I examined the crime scene. Self portraits with spilled red paint can appear quite realistic and gory if you squint hard enough.

“Nice. You think you’re pretty smart, don’t you.”

The months passed. Two of them, to be exact. Weird things kept happening that hinted at a cosmic intervention working for us as a couple.

One night Cole went to a dinner party in LA and sat next to an old friend to whom he described the tall, mad Australian girl who was capturing his heart and mind from the other side of the world. His friend looked at him quizzically and interjected, “Oh. You must mean Zoë Brock. Where the hell is that wild horse of a woman these days, anyway?”

Soon I would be heading to Fiji, to begin work on a book project I’d been commissioned to research and write for, a project that fell by the wayside after many hapless adventures in paradise and a falling out with the contractor. In Fiji I’d be harder to contact, via email or phone.

“You know,” Cole stated one day. “All I need is a formal invitation and three days notice, and I’ll be anywhere you tell me to be.”

It was a scary proposal.

Do you meet your perfect person, only to have them be a lesser creature in reality than what you imagined? Or do you keep the status quo and let this cerebral love stay an indefinite, intangible, gossamer thing?

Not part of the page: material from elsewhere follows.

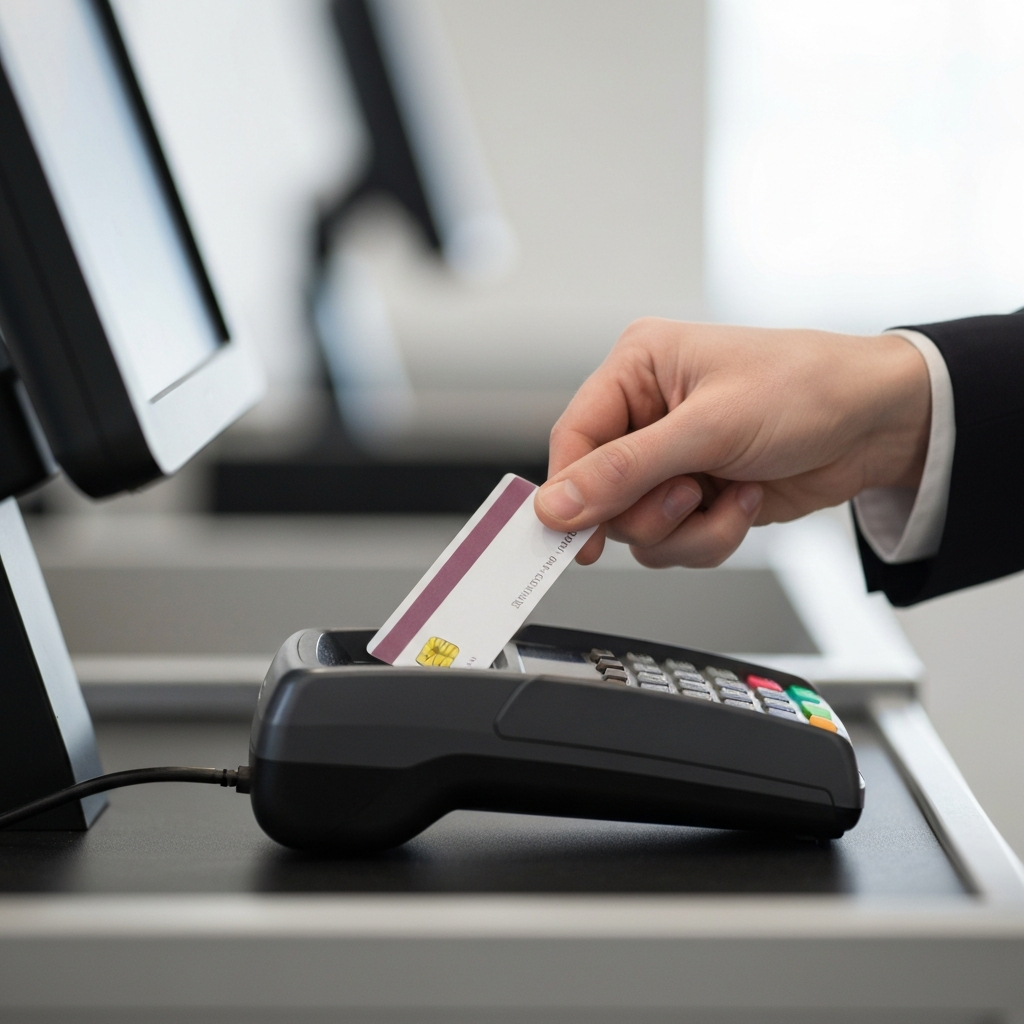 Close-up shot of a hand carefully placing a credit card into a card reader at a checkout counter. The lighting is diffused, highlighting the texture of the card and the smooth surface of the reader. The background is intentionally blurred to emphasize the act of payment.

“Maybe,” he added. “We meet soon, or maybe we never meet at all? You decide. By the way, a magazine I never subscribed to just arrived INSIDE MY HOUSE, and the cover story is ‘Romantic Getaways For two In Fiji’, just so you know.”

A mystery? A sign?

Compelling, confusing stuff.

So I did what every sensible Australian girl in Melbourne does when confronted with a dilemma….

…. I flew to Sydney and got wasted.

“This is an insane story. You have to meet him.”

“I’m terrified.”

“Shut up. You have to invite him.”

“What if it’s horrible, Sar? What if he has a tiny little invisible penis?”

“Well… Considering he’s that tall it’s almost an impossibility. Granted, that would be a fucking disaster, but you’re never going to know unless you meet him.”

“Pass me the damn tequila.”

“Lemon? Here, salt. Tell me more.”

“I don’t know what else to tell. Tall, dark, and kinky as a twisted pipe-cleaner.”

“He sounds perfect.”

“Did I mention he works for an environmental cause?”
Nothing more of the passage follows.